A colleague network tends to take root as you’re studying to become a translator, and it grows little by little throughout your career. It’s easy to join translation-related groups and network among colleagues through social media, and you’re sure to meet fellow translators and interpreters at seminars, conferences and training events held both at home and abroad. In addition, mentoring and alumni programs offer an excellent chance to network. It pays to familiarize yourself with your local union or professional association, as well as the unions representing translators and interpreters elsewhere. In any case, keep your ear to the ground – networking can happen just about anywhere, not just in academic or professional settings.

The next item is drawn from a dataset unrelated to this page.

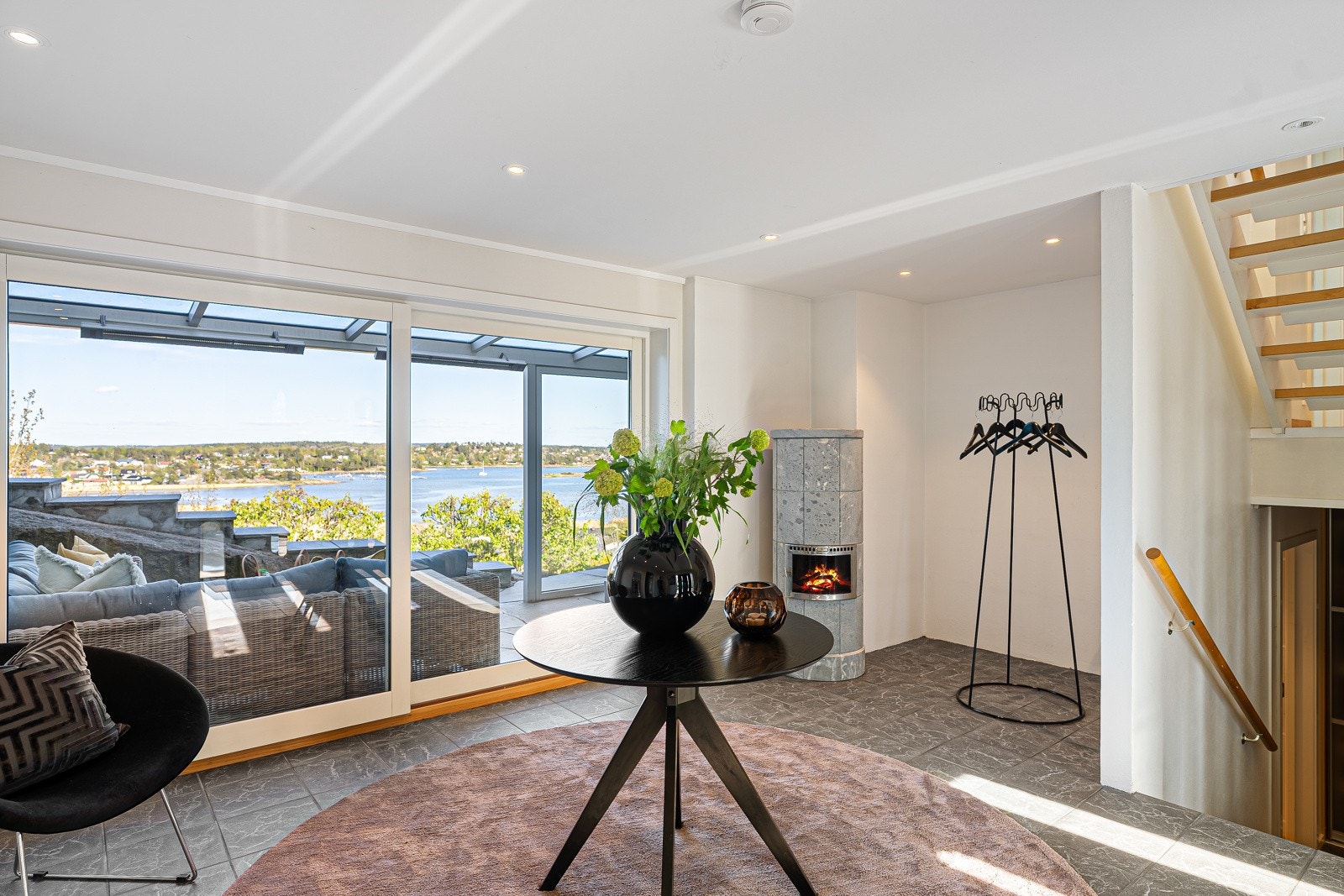 Hall med gjennomgående lys og utsikt Galleribilde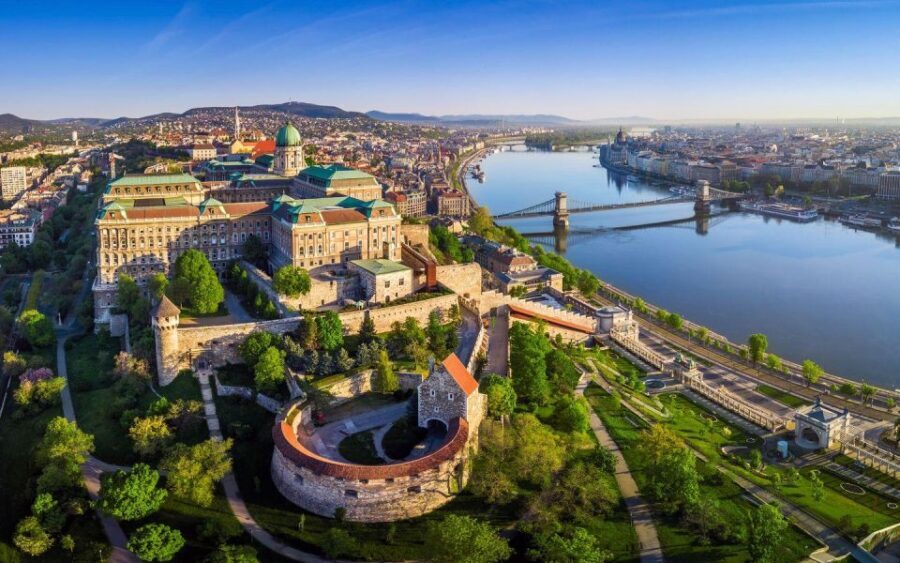 Budapest: Day or Night River Cruise on Panoramic Boat - Why a 1-Hour Panoramic Danube Cruise Works in Budapest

You may run into colleagues and potential clients in the most unexpected circumstances, so be prepared to take advantage of that.

Keep in mind that whether it’s face-to-face or online, you are always your own spokesperson. The first impression you make on a prospective client or collaborator might be due to a comment you posted on Facebook, so remember: be appropriate, be polite, and be professional. This cannot be stressed enough.

Networking is also useful if, for some reason, you cannot take on a commission yourself. Then it’s time to think of alternative arrangements. Do you feel comfortable referring a colleague to your client? Or would it be better to simply let the client know that, unfortunately, you are unavailable? If you recommend a colleague to your client, the client will assume that said colleague’s work will measure up to your own, so choose carefully. It is only polite to inform a colleague, for example through email, that you have recommended them to your client. You can also provide your colleague with salient background information, general business practices, pricing and payment arrangements, and other necessary details concerning the client. If a colleague recommends you, make sure to live up to that trust, and ask the colleague that recommended you about compensation and other terms related to the client in question. You should agree on terms and conditions well in advance before starting a collaborative project with your colleague, as you should do with all types of work.

Aside from referrals and the like, colleagues also provide you with invaluable aid and support. As long as you act in a professional and friendly manner and answer your colleagues’ inquiries, you can be assured that they will respond in kind. Keep in mind, however, that everyone is busy with their own work, so you shouldn’t needlessly add to that workload. Be sure to provide proper context along with your questions, so people don’t have to waste time deciphering your inquiry, and don’t demand an immediate answer. You can ask urgent questions, of course, but you shouldn’t presume too much. When you get your answers, remember to express gratitude and, ideally, share your eventual solutions, so that others can benefit as well. Colleague networks work on the same principals of reciprocity as all other relationships. In other words, someone who’s always asking for help but never offering it will quickly become a burden. Confidentiality must also be considered when asking or aiding: never reveal identifying information about your clients, their corporations or products. Sometimes it’s better, from an ethical standpoint, to keep your questions to yourself rather than reveal too much.